China: Annual Leave Policy

Article author
Shirley Tsai
  • Updated

Statutory Minimum Entitlement

Employment Period Entitlement (Days)
0 - 11 months 0
1 - 9 years 5
10 - 19 years 10
20 years above 15

Note
Under Chinese labor law, an employee's statutory annual leave entitlement is determined strictly based on their cumulative work experience (total career working years in China), rather than their tenure with their current company alone. Consequently, employees must provide official supporting documentation to verify their total career history and accurately establish their leave entitlement. 

Supporting documents

  • During the onboarding, please provide social security contribution records
  • Employee may also provide previous employment certificates or labor contracts as a further confirmation

Proration Calculation

Annual leave entitlement / 12 x (number of complete months worked)

Carryover Policy - employer to select from either option:

1.
  • Unused accrued leaves from current annual leave year can be carried over to the next annual leave year and needs to be used by end of next annual leave year
2.
  • If the company cannot schedule employee’s annual leave due to work demands and employee also agree not to take it, the company must pay you for the unused days.
  • The compensation is calculated at 300% of daily wage. This 300% includes your normal salary.
  • The formula is: (Monthly Average Salary ÷ 21.75 days) × 300% × Number of Unused Days
  • Monthly Average Salary is your average monthly salary from the 12 months prior to the compensation payment, excluding any overtime pay. If employee have worked for less than 12 months, the calculation will be based on actual working period.
  • 21.75 days is the legally stipulated average number of working days per month.
  • If the company has offered employee the opportunity to take leave, but employee indicated in writing stating not to take it, the company only needs to pay you your normal daily wage for those days. They do not need to pay the 300% compensation.

How do we ensure compliance when managing China carryover leave balances?

Phase 1: Early Reminders & Operational Clarity (September)

The goal here is to establish early good faith and outline how the system prioritizes expiring balances.

Issue Initial Reminders: Send clear communications around Sep - Oct outlining carryover balances and platform logic (e.g., how the platform pulls expiring leave first).

Establish Statutory Rights: Explicitly state in the communications that the company reserves the statutory right to formally allocate leave dates later in the year if employees do not schedule them early. This protects operational continuity.

Phase 2: Manager Alignment & Operational Preparation (October)

Crucial Step: Preventing conflicting instructions between Client and their managers.

  • Engage Managers Early: Client to partner with managers to review outstanding balances.
  • Coordinate Workloads: Ensure managers do not assign critical projects during blocks where employees might be directed to take leave. This prevents employees from later claiming they were "forced to work."

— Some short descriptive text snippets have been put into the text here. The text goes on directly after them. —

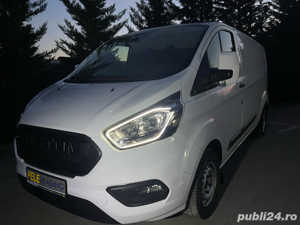 Transit Custom 2021 Clima CIV-ul facut nr. Rosii pret cu TVA inclus. - imagine 6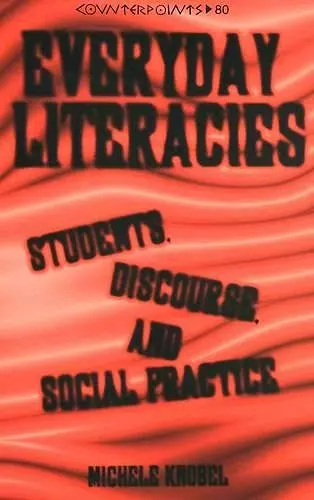 Everyday Literacies cover
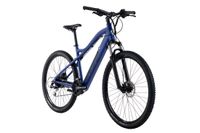 Alu MTB Pedelec 29'' Enforce E-Bike Blau 250 Watt Li-Ion 36V/14 Ah/504 Wh 24 Gänge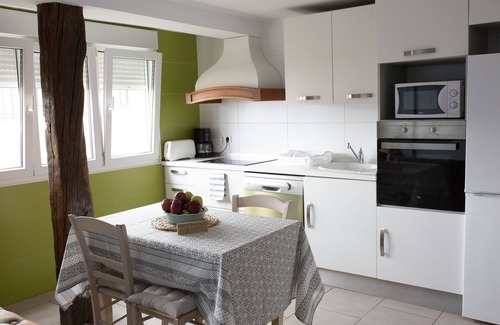 Bermeo Apartment | Apartment near San Juan de Gaztelugatxe, 2D
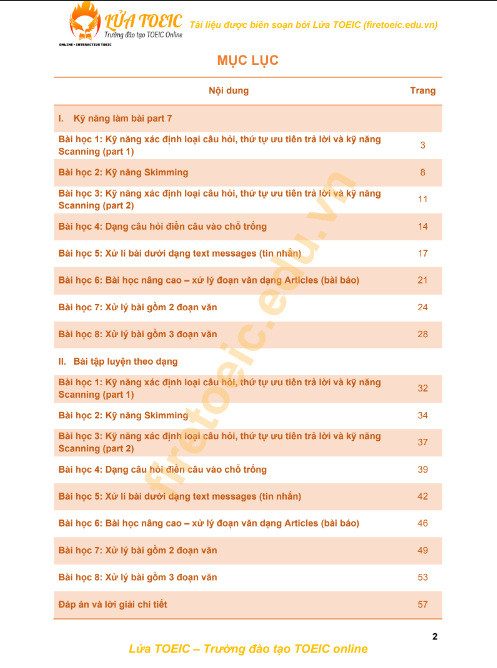 Tải FREE sách Cẩm Nang Giải Đề TOEIC Part 7 PDF có tiếng Việt 7 Tải FREE sách Cẩm Nang Giải Đề TOEIC Part 7 PDF có tiếng Việt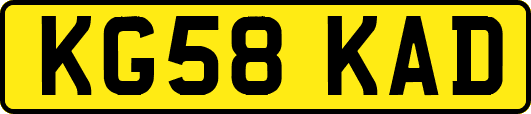 KG58KAD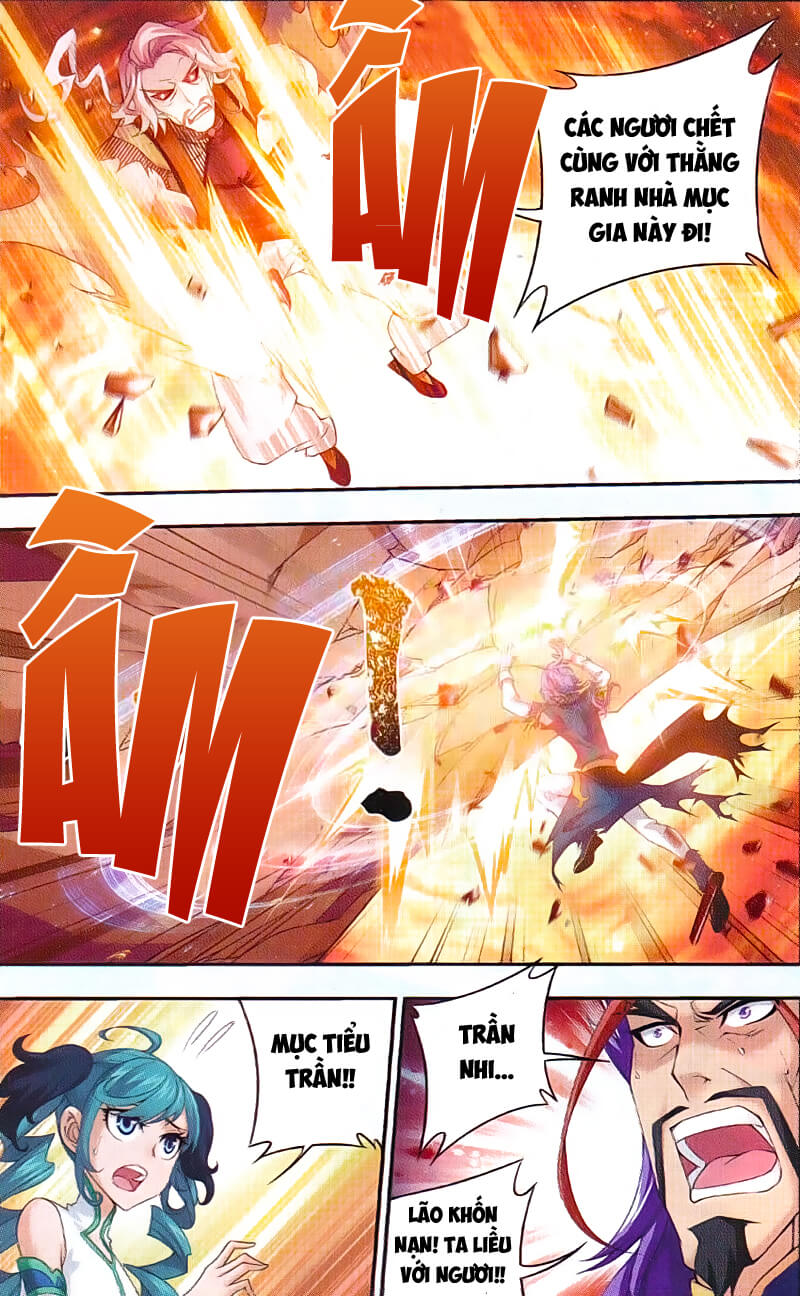 Đại Chúa Tể Chap 44 - Next Chap 45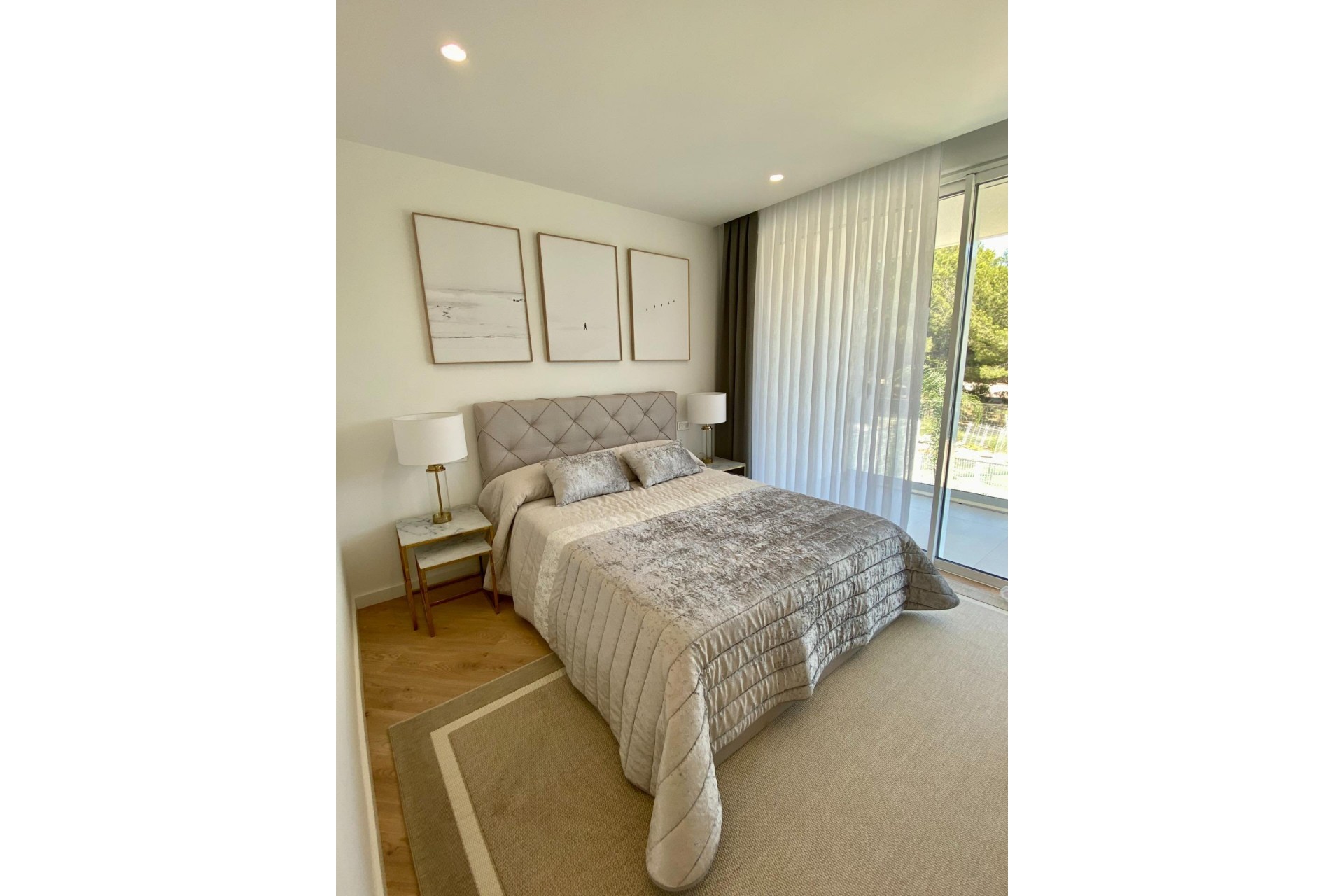 Nueva construcción  - Villa -
Finestrat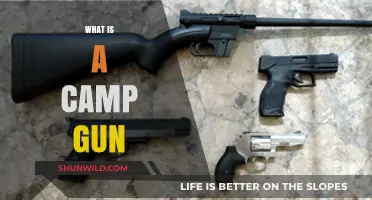 Understanding Camp Guns: Essential Tools for Outdoor Adventures and Survival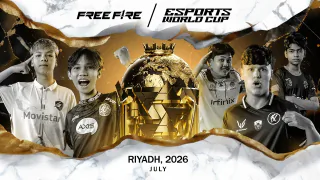 Free Fire EWC 2026 Groups, Schedule, Teams & Live Stream Guide Free Fire EWC 2026 Groups, Schedule,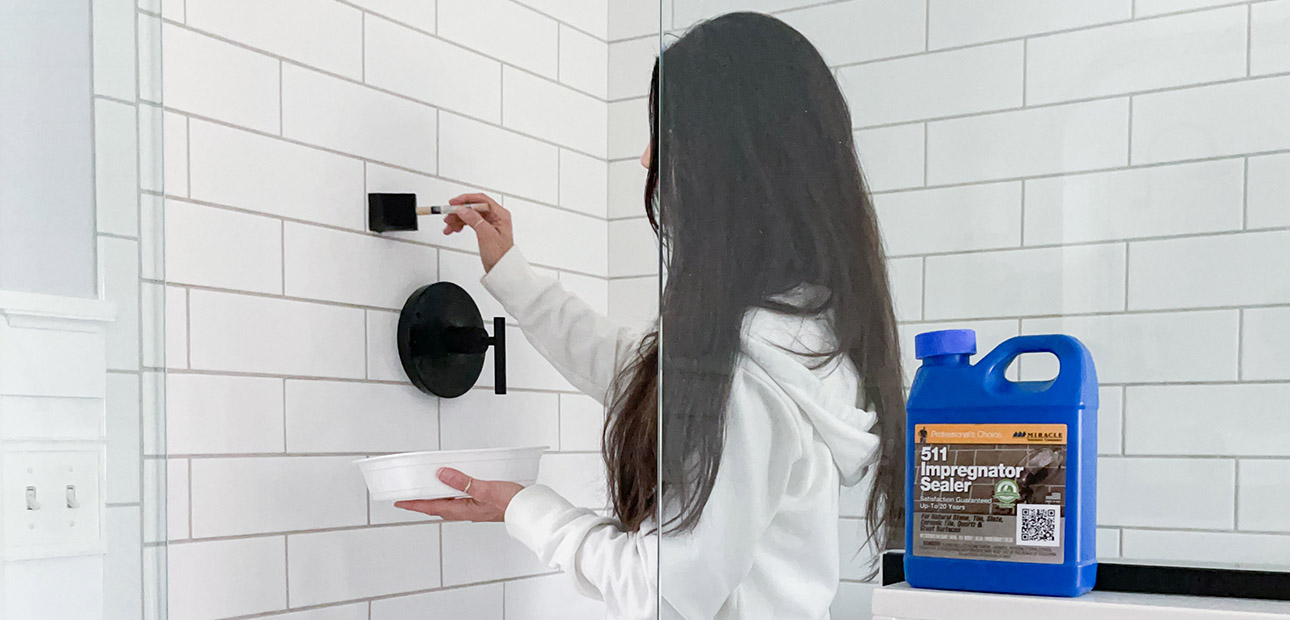 Tile Sealing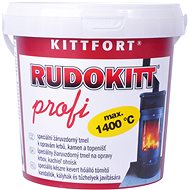 Kittfort RUDOKITT 1.8kg - Putty
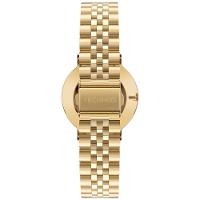 Relógio Technos Masculino Slim Dourado - 2025lui-1p - 3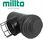 Rynna Millto Czyszczak Rynny Rury Rewizja Sitko Redukcja 110mm - zdjęcie 5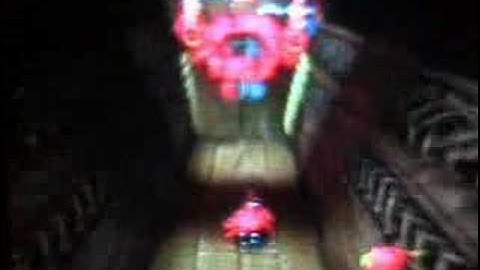 Crash Bandicoot level 20 Cortex power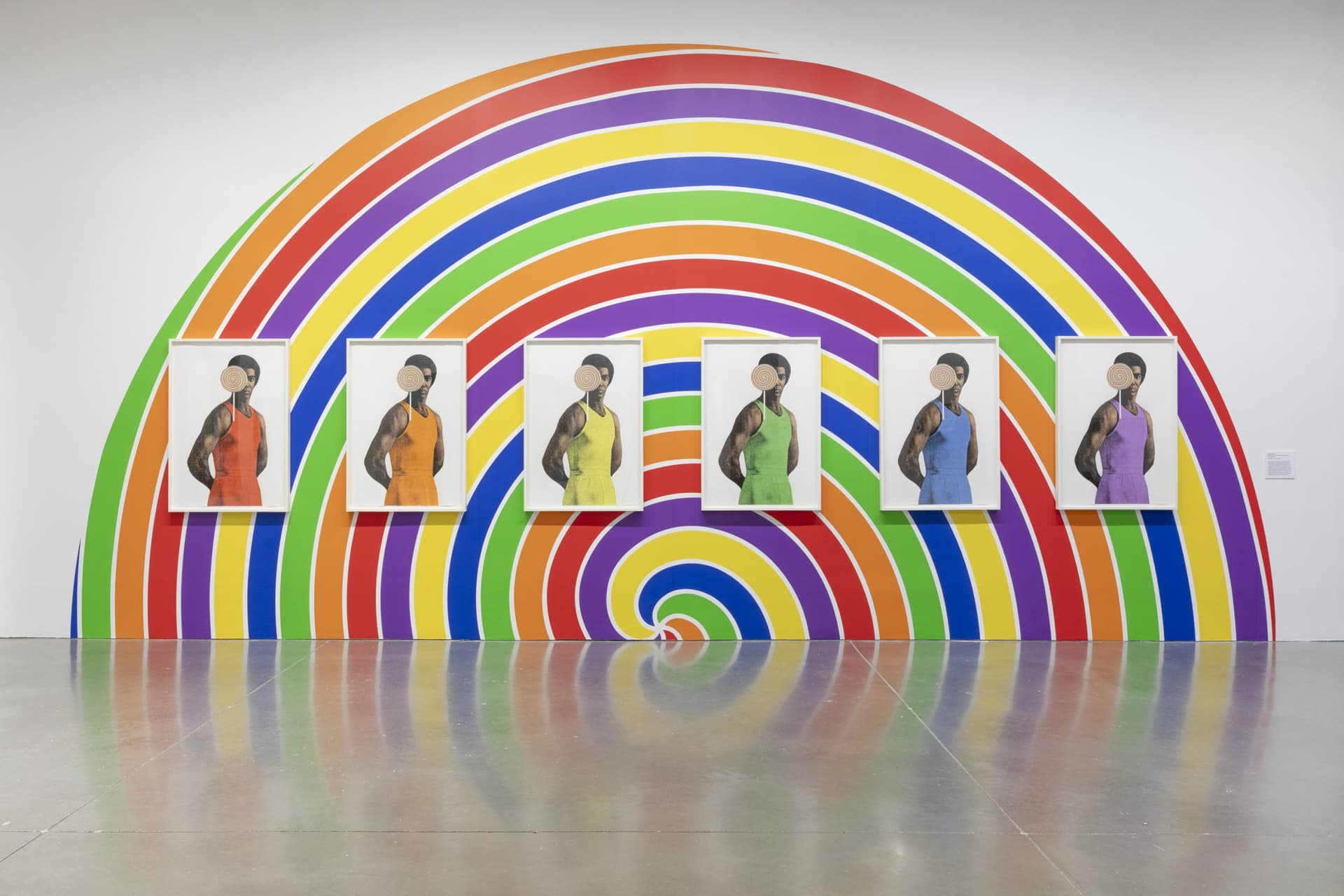 Derrick Adams: View Master at Institute of Contemporary Art / Boston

Phase 3: Directives, Formally Assigned Leave, & Waivers (October - November)

The legal core of the process—actively arranging the leave or capturing the reason for non-use.

  • Issue Directives: Formally assign leave dates for employees with remaining balances.
  • Enforce Zero-Work Policy: If an employee is unilaterally assigned leave dates but still logs on or sends emails, managers must actively instruct them not to work. Passive acceptance of work in strict provinces (like Beijing) can be legally interpreted as permitting them to work, triggering payout liabilities.
  • Collect Written Waivers: If an employee refuses the assigned leave, secure a signed written waiver attributing the untaken leave to "personal grounds."
  • Track & Log Payout Status: Update Remote platform based on the waiver:
  • If signed for personal reasons: Note that the balance is marked for a 100% standard payout (or zero payout if the employment contract specifies that normal daily salary covers standard working days), completely eliminating the 300% statutory penalty risk.

Phase 4: Year-End Payout Execution (December)

Achieving clean administrative closure through Remote.

  • Process Through Remote: For employees who signed the waiver (or whose leave truly could not be taken due to a critical company emergency), trigger the appropriate payout via Remote.
  • Standard Rate Closure: Process the payout at the standard daily rate to ensure smooth compliance and clean records.

Core Compliance Ground Rules to Remember

No Balance is Too Small: Do not limit this process to employees with "material" balances. Under Chinese labor law, even a 0.5-day untaken statutory balance can trigger a labor bureau dispute. Track and resolve all remaining carryover balances regardless of size.

Active Enforcement Matters: Unilaterally assigning leave dates is not enough if the employee still works. Managers must actively prevent them from working during that block to protect the company from strict provincial rulings.